Supplied data
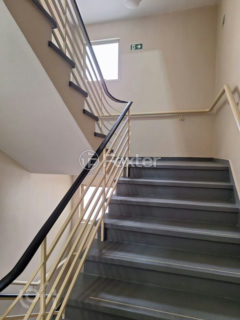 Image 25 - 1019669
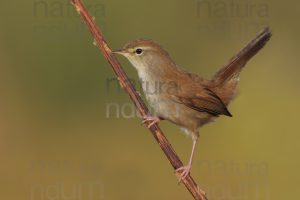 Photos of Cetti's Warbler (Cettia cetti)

--

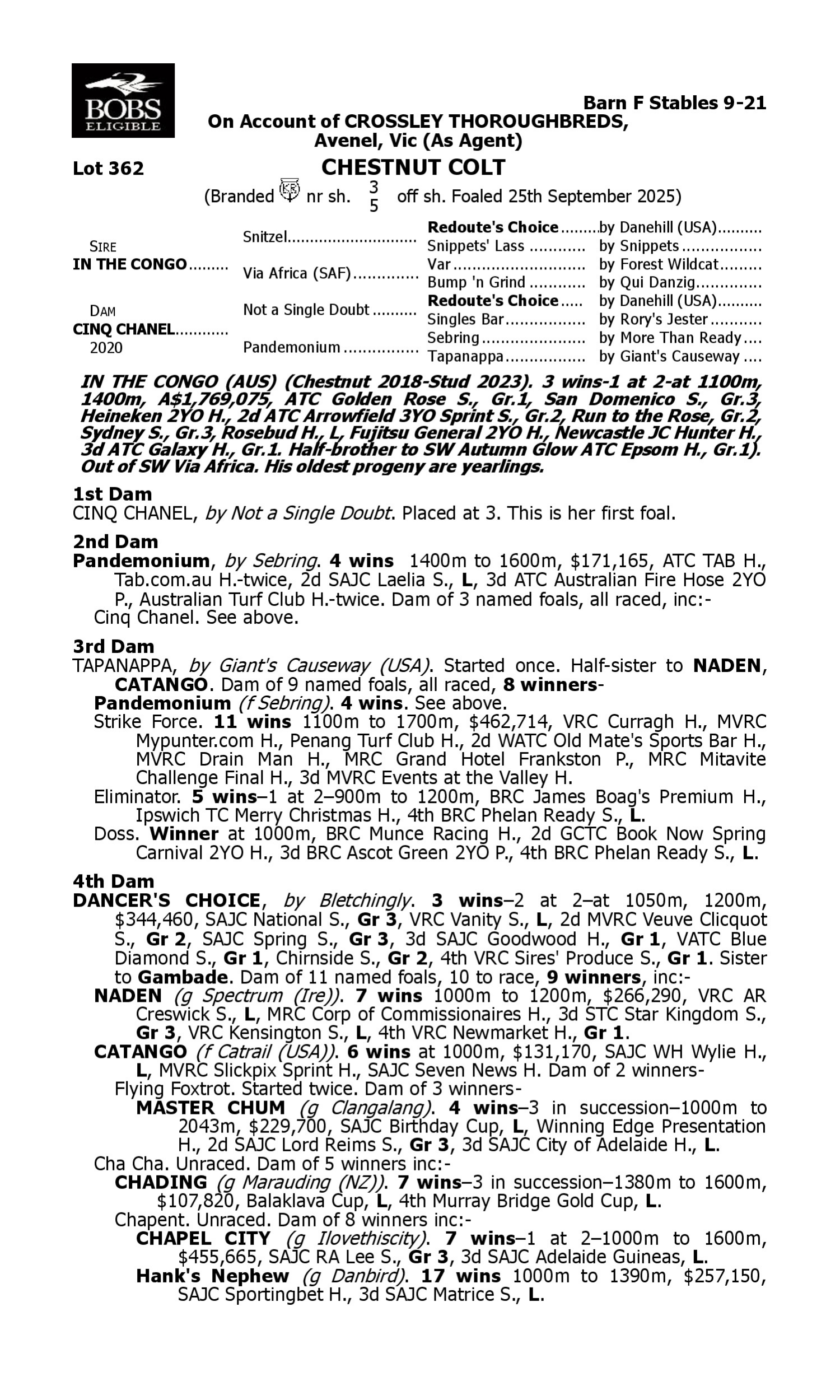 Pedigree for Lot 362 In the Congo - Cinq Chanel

==

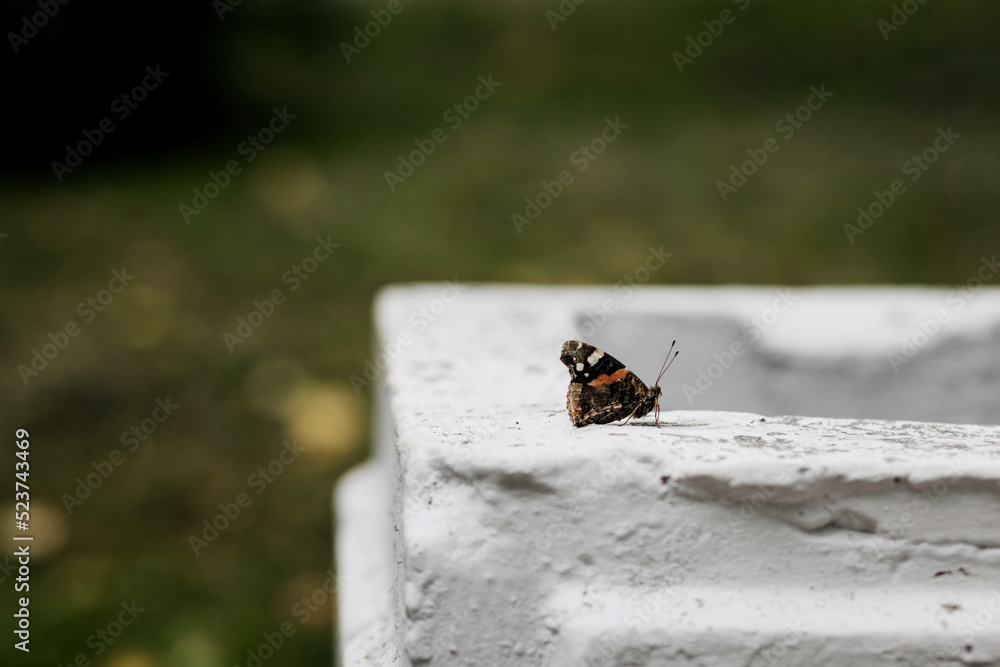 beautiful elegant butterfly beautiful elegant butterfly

Problem details
Reproduce the lines above starting at the one with "Image 25 - 1019669" and ending at the one with "Photos of Cetti's Warbler (Cettia cetti)", both included, exactly and with no pictures.

Task result
 Image 25 - 1019669
 Photos of Cetti's Warbler (Cettia cetti)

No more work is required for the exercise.